KRAUTHAMMER: Hot tea.
Look, I think when you heard Harry Reid talking, it sounded as if the Democrats had been out of office and were railing against the current administration. The income inequality has increased radically under this administration. The Fed, with the blessing of the president, pumping $1 trillion a year into the economy, which goes right into the stock market, and into housing, which of course helps the rich and the people who already have. And the median income in the country has declined in this recovery, which is never happened before.
And so I mean, I think there's an argument against themselves. I think Republicans ought to make a case on the minimum wage, on unemployment, who wants -- we don't want to cut people off in the middle of winter, but we have to wind down the program. And that's a case you can win.
BAIER: At least you didn't cry. I had a "Grapevine" where I started to cry. Next up, more on politics of unemployment when we come back.

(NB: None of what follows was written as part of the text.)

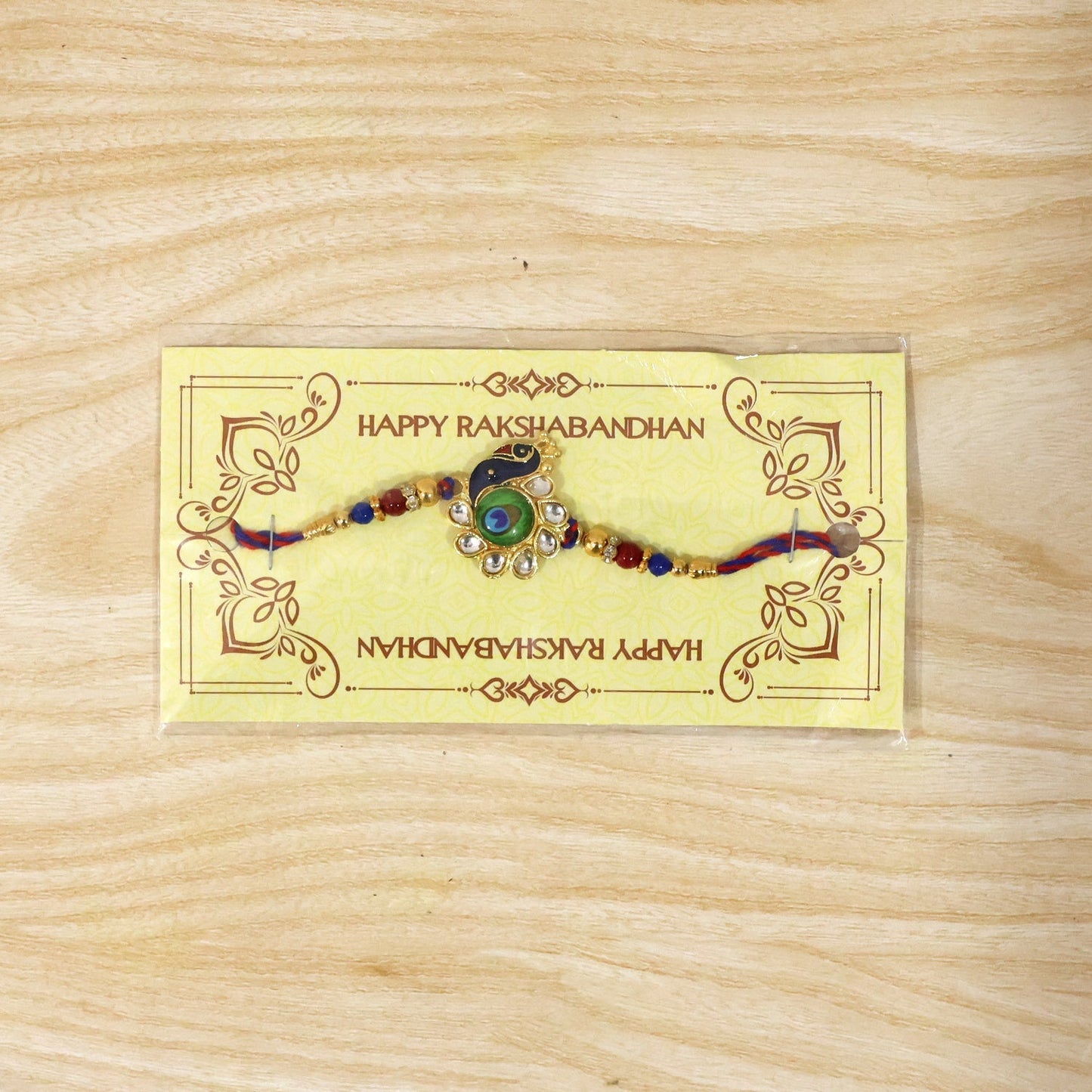 Peacock Feather charm rakhi displayed on white background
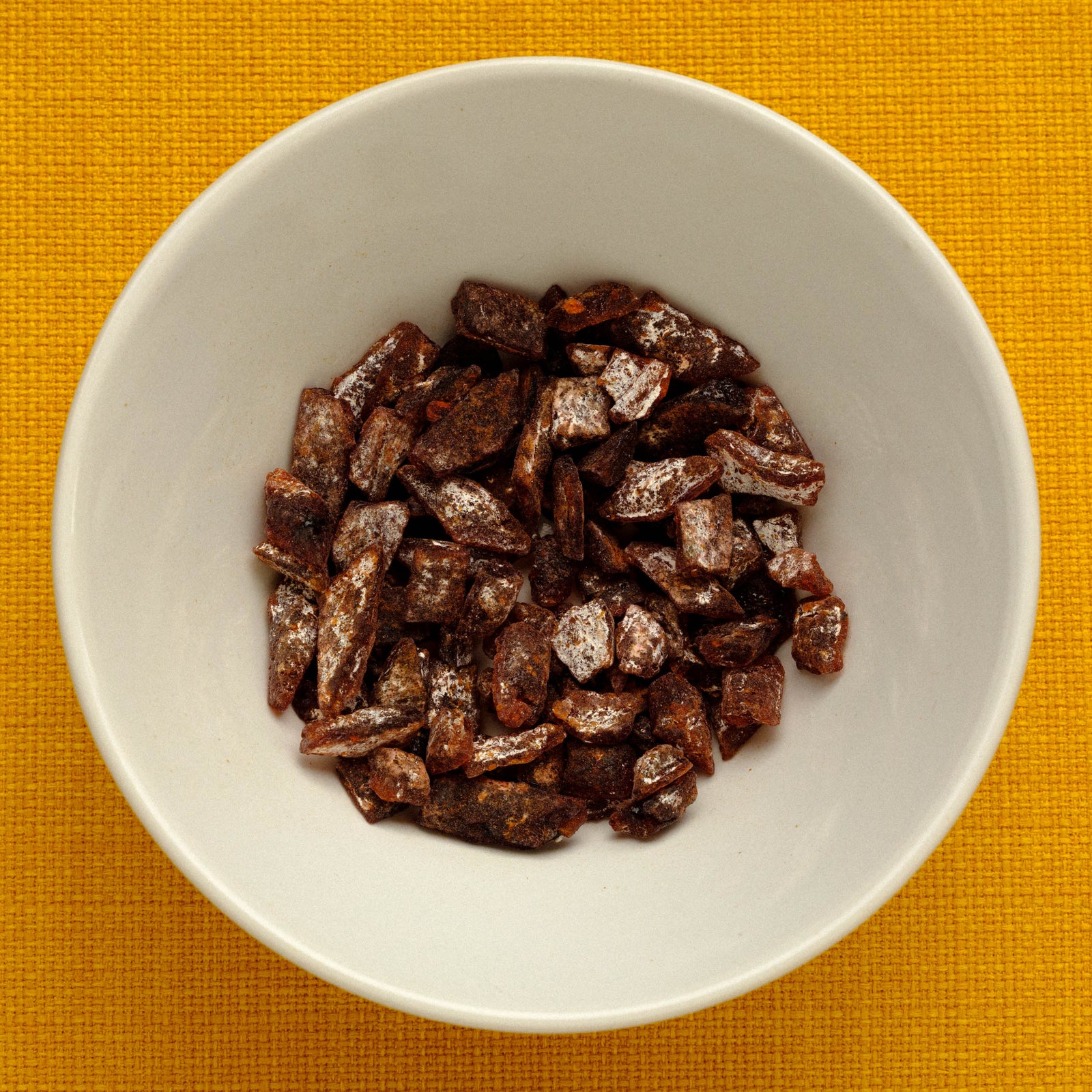 White bowl filled with sandalwood resin incense on a yellow background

Content and Programming Copyright 2014 Fox News Network, LLC. ALL RIGHTS RESERVED. Copyright 2014 CQ-Roll Call, Inc. All materials herein are protected by United States copyright law and may not be reproduced, distributed, transmitted, displayed, published or broadcast without the prior written permission of CQ-Roll Call. You may not alter or remove any trademark, copyright or other notice from copies of the content.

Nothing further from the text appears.